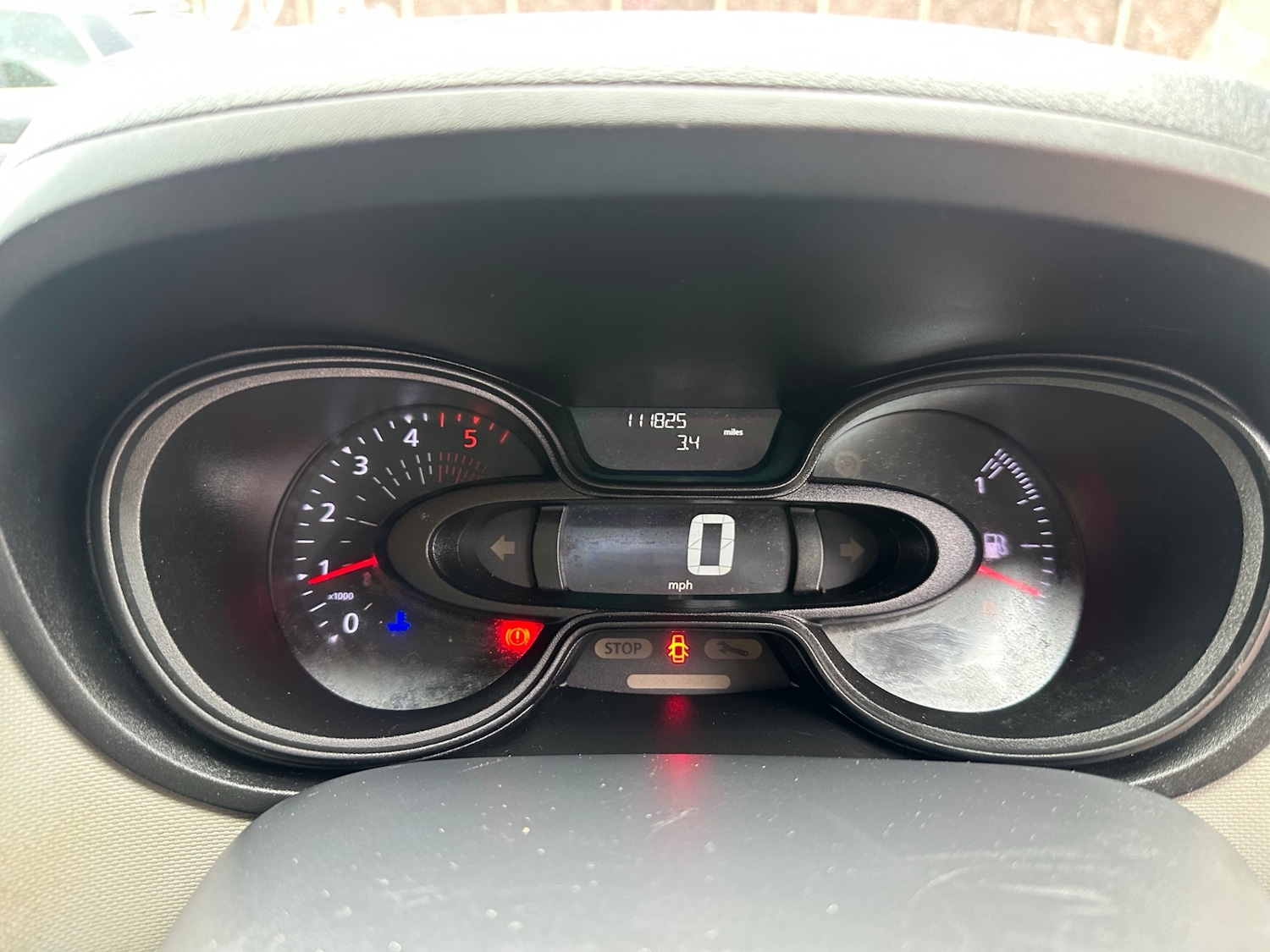 Used Renault Trafic 2018 for sale - 75743526: Photo 10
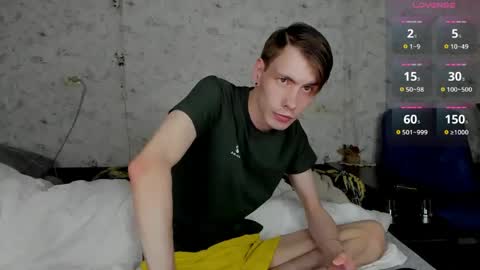 Erick  online show from May 2026 09:38:02 AM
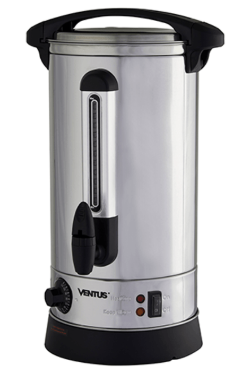 HERVIDOR DE AGUA 10 LTS VENTUS VHA-10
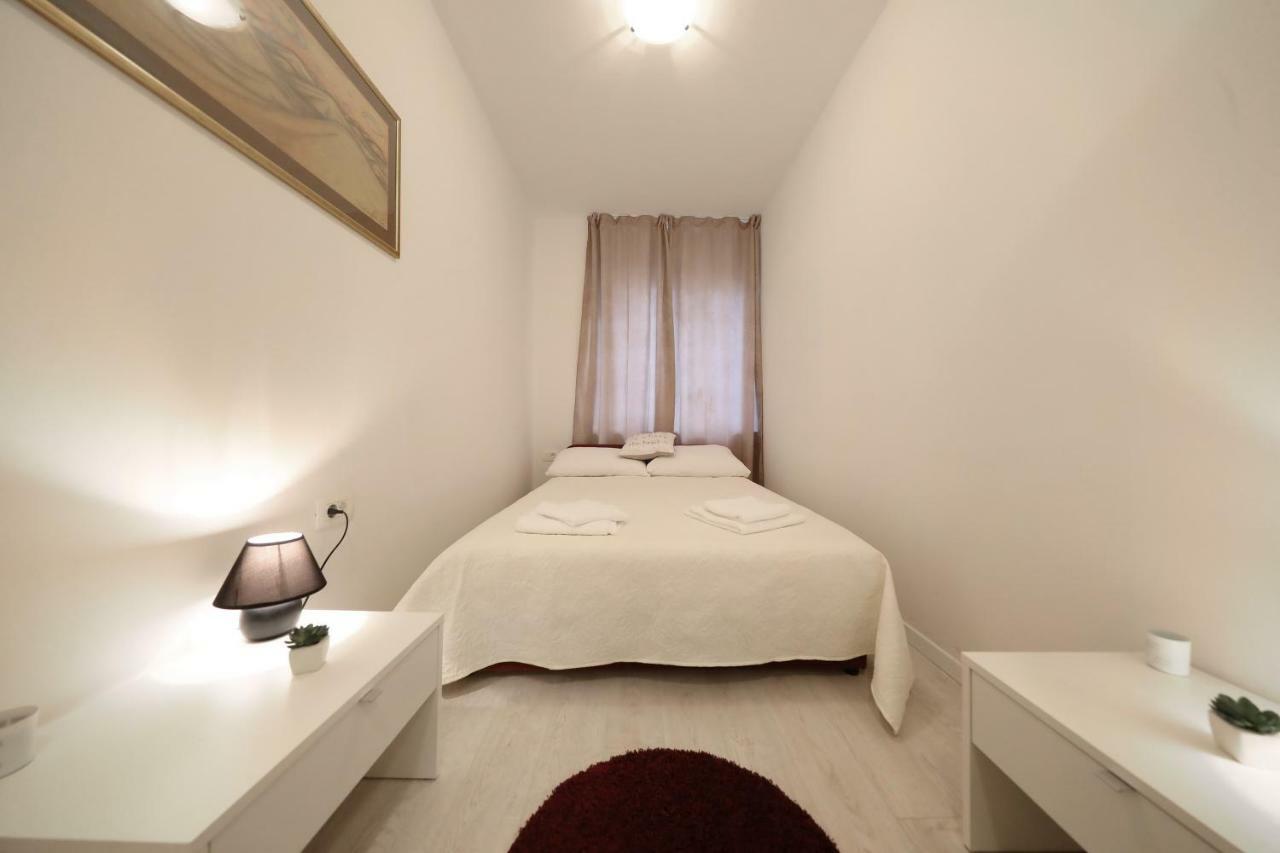 Apartment Luci Zadar Ngoại thất bức ảnh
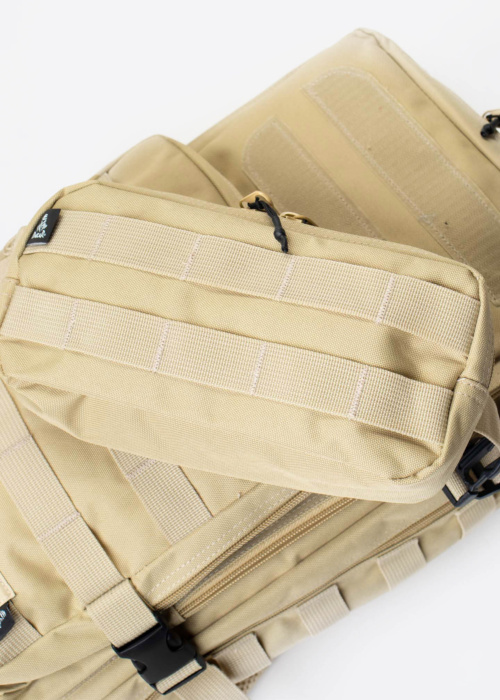 Diverse Dakar kuprinė Dkr Combo Sand Ii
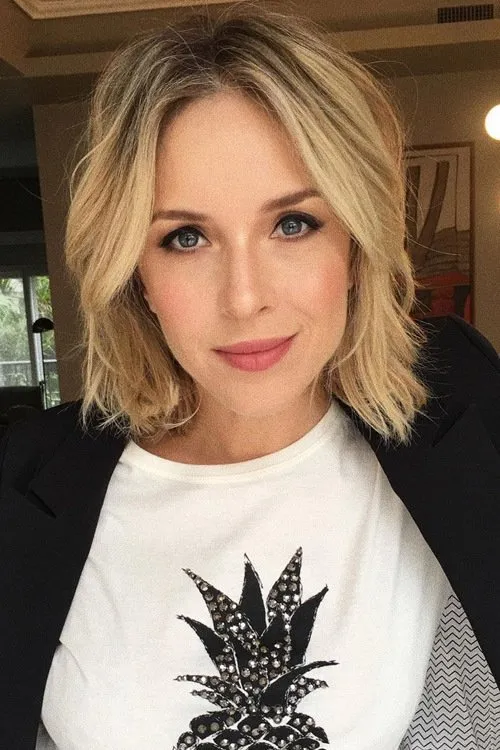 Photo of Carla Peterson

________________________

* EXERCISE DIRECTIONS: Give the records back verbatim, pictures excluded.

* SOLUTION FOR THIS EXERCISE:
 Used Renault Trafic 2018 for sale - 75743526: Photo 10
 Erick  online show from May 2026 09:38:02 AM
 HERVIDOR DE AGUA 10 LTS VENTUS VHA-10
 Apartment Luci Zadar Ngoại thất bức ảnh
 Diverse Dakar kuprinė Dkr Combo Sand Ii
 Photo of Carla Peterson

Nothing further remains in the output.